Search code examples
bashsedcut

Deleting first n rows and column x from multiple files using Bash script


I am aware that the "deleting n rows" and "deleting column x" questions have both been answered individually before. My current problem is that I'm writing my first bash script, and am having trouble making that script work the way I want it to.

file0001.csv (there are several hundred files like these in one folder)

Data number of lines 540
No.,Profile,Unit
1,1027.84,µm
2,1027.92,µm
3,1028,µm
4,1028.81,µm

Desired output

1,1027.84
2,1027.92
3,1028
4,1028.81

I am able to use sed and cut individually but for some reason the following bash script doesn't take cut into account. It also gives me an error "sed: can't read ls: No such file or directory", yet sed is successful and the output is saved to the original files.

sem2csv.sh

for files in 'ls *.csv'  #list of all .csv files
do
  sed '1,2d' -i $files | cut -f  '1-2' -d  ','
done

Actual output:

1,1027.84,µm
2,1027.92,µm
3,1028,µm
4,1028.81,µm

I know there may be awk one-liners but I would really like to understand why this particular bash script isn't running as intended. What am I missing?


Solution

  • The -i option of sed modifies the file in place. Your pipeline to cut receives no input because sed -i produces no output. Without this option, sed would write the results to standard output, instead of back to the file, and then your pipeline would work; but then you would have to take care of writing the results back to the original file yourself.

    Moreover, single quotes inhibit expansion -- you are "looping" over the single literal string ls *.csv. The fact that you are not quoting it properly then causes the string to be subject to wildcard expansion inside the loop. So after variable interpolation, your sed command expands to

    sed -i 1,2d ls *.csv
    

    and then the shell expands *.csv because it is not quoted. (You should have been receiving a warning that there is no file named ls in the current directory, too.) You probably attempted to copy an example which used backticks (ASCII 96) instead of single quotes (ASCII 39) -- the difference is quite significant.
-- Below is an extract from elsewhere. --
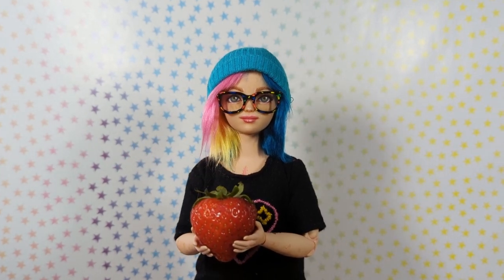Hello, and welcome to StefuDoll! I am, fruitfully, Steph, and I'm holding this strawberry because this video is part of a collab with a cornucopia of fruit-themed girls. And I chose strawberry, obviously.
    Anyway, the ls is useless -- the proper idiom is

    for files in *.csv; do
      sed '1,2d' "$files" ...   # the double quotes here are important
    done
    

    Mixing sed and cut is usually not a good idea because you can express anything cut can do in terms of a simple sed script. So your entire script could be

    for f in *.csv; do
        sed -i -e '1,2d' -e 's/,[^,]*$//' "$f"
    done
    

    which says to remove the last comma and everything after it. (If your sed does not like multiple -e options, try with a semicolon separator: sed -i '1,2d;s/,[^,]*$//' "$f")